裕司は爆発しそうな怒りを押し殺して医師に語りかけた。医師は歯を食いしばっている。オメガの抑制剤には避妊効果もある。万が一、華が閉じ込められていたあの時に、この家に別のアルファがいたらどうなっていたのか。もしも、健司がアルファだったら。

彼は産婦人科の医師だと言っていた。望まれない子供がどうなるか、その母親がどれだけ苦しむか、知らないはずがない。オメガの抑制剤には次の発情期の症状を抑える効果もある。抑制剤を貰えていれば発情期にあそこまで苦しむこともなかったはずだ。

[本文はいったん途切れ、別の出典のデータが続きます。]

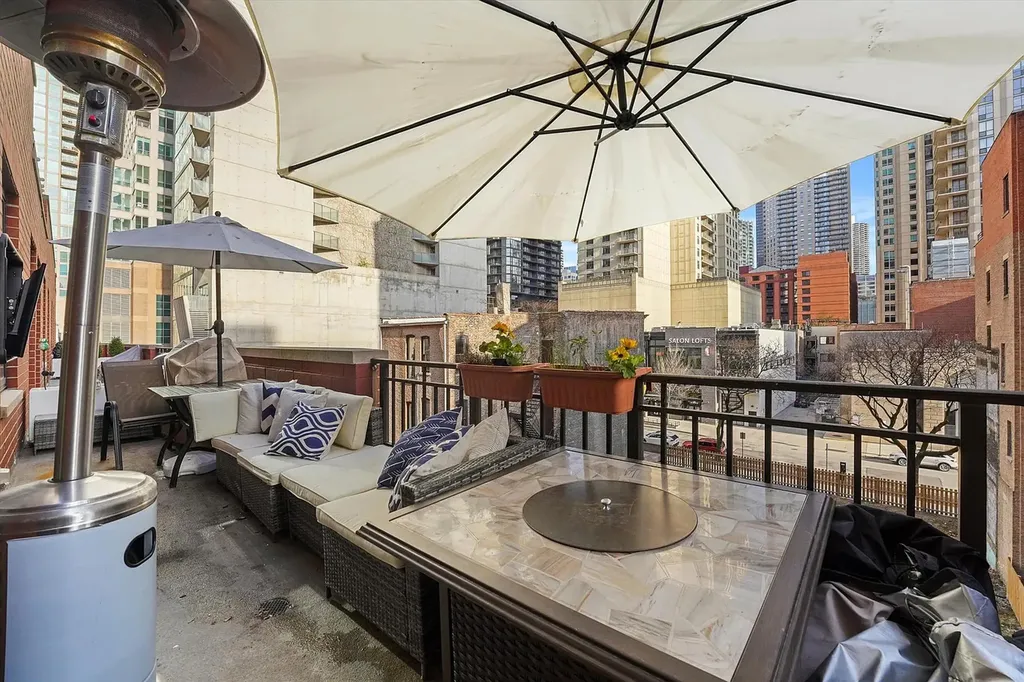 33 West Huron Street Chicago IL 60654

『…霧島さんは今は産みたくないとおっしゃっていました。咄嗟に、緊急避妊薬を…』

医師は華に対して深い後悔を抱いているようだ。握りしめた手が震えている。

『華をここに置いておけない』

『…わかりました。特別室を準備します』

医師は頭を下げて携帯を取り出しながら部屋を出ていった。裕司は改めて華に向き合った。顔色の悪い華から寝息が聞こえる。医師が失神したまま眠ってしまったのだろうと言っていた。ここ何日か、華の体調は良くなかった。風邪だろうから近づかないようにしてほしいと言われて鵜呑みにしてしまっていた。まさか妊娠による体調不良だったなんて、想像もしていなかった。

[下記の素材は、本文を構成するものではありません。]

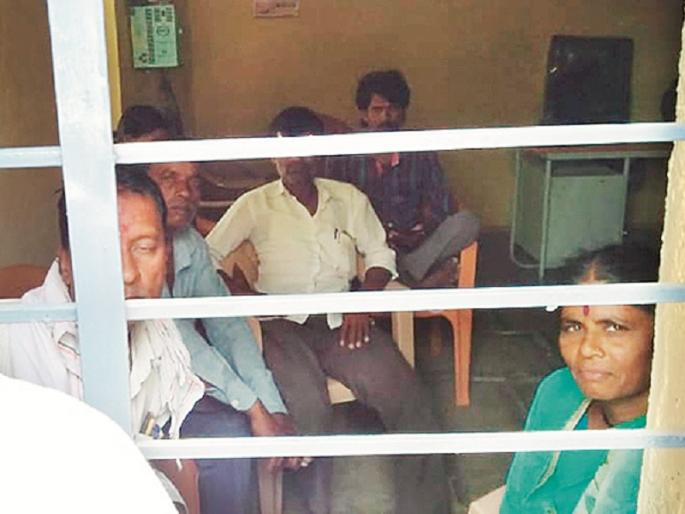 To demand water tanker, the villagers hostage the sarpanch and gram sevakas | टँकरच्या मागणीसाठी ग्रामस्थांनी सरपंच, ग्रामसेवकास डांबले To demand water tanker, the villagers hostage the sarpanch and gram sevakas | टँकरच्या मागणीसाठी ग्रामस्थांनी सरपंच, ग्रामसेवकास डांबले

裕司は華の部屋を出て階下へ降りた。古株の使用人に、華を見守るよう声をかける。その場にエリカの姿もあったが、彼女に頼むのはやめた。彼女に悪意がなかったとしても、今は華のそばに行かせないほうがいいだろう。

『準備が整いました』

玄関ホールに医師の姿が見えた。医師をダイニングルームに迎え入れる。今ダイニングには誰もいない。

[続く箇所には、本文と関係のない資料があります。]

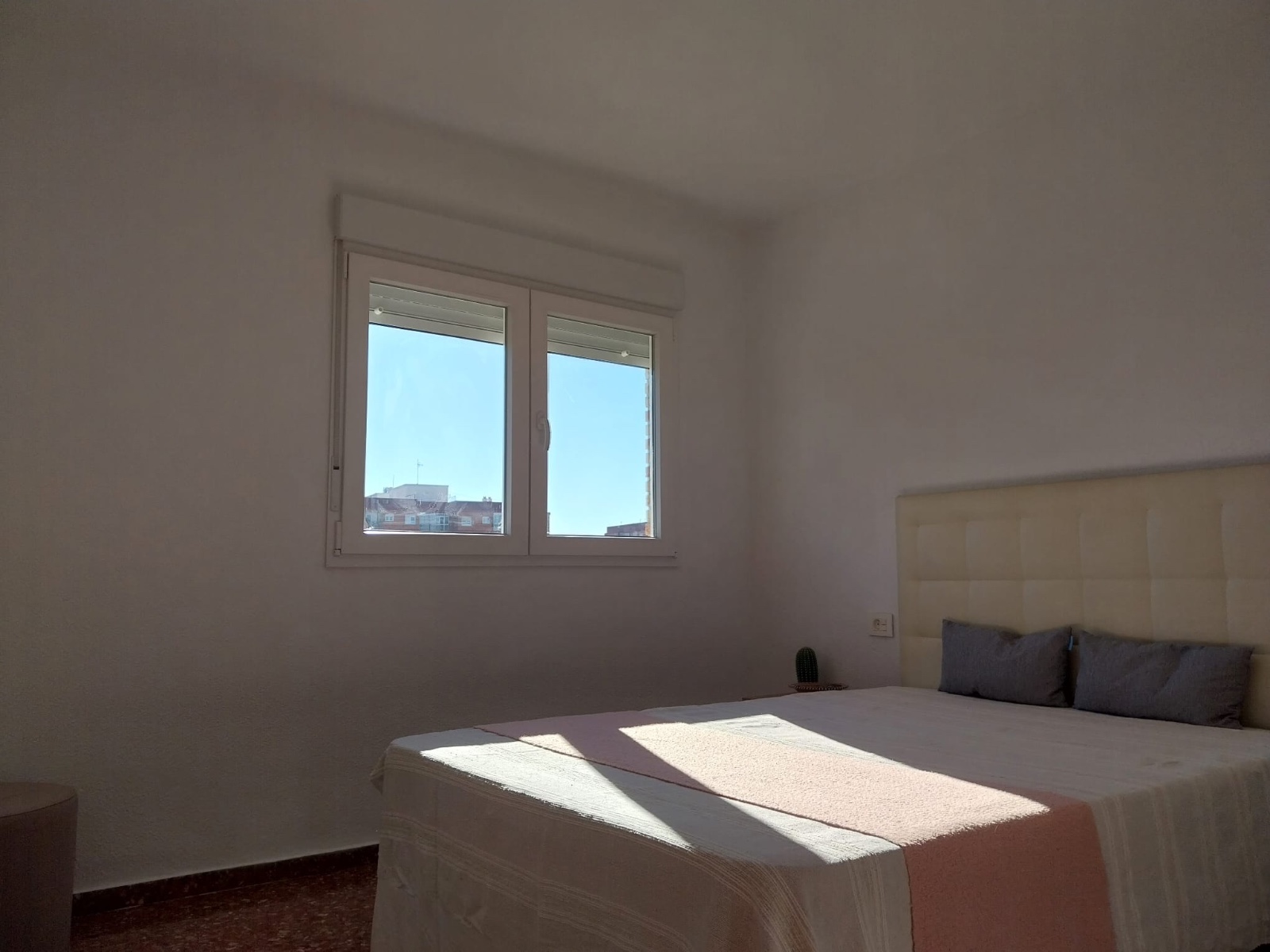 Bonita vivienda exterior en EL Bulevar Sur_Valencia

『この家の人間誰にも伝えないで連れて行く。わかってるよな?華になにかあったら』

『私が責任を持って診察させていただきます。病室にもあなた以外は通さないよう、スタッフに徹底させます…こんなことしかできませんが、せめて、償わせていただきたい』

医師は深々と頭を下げた。華の妊娠に、深い自責の念を抱いているようだ。二度目の発情期に抑制剤を処方してくれていればこんなことにはならなかったはずだ。望まれない子供の妊娠に加担したことは、この男にとって深い傷になったらしい。

裕司は医師を見下ろしながら、これなら華を任せられるだろうと思った。こちらに負い目がある方が、なにかと使いやすい。裕司は華の部屋に向かった。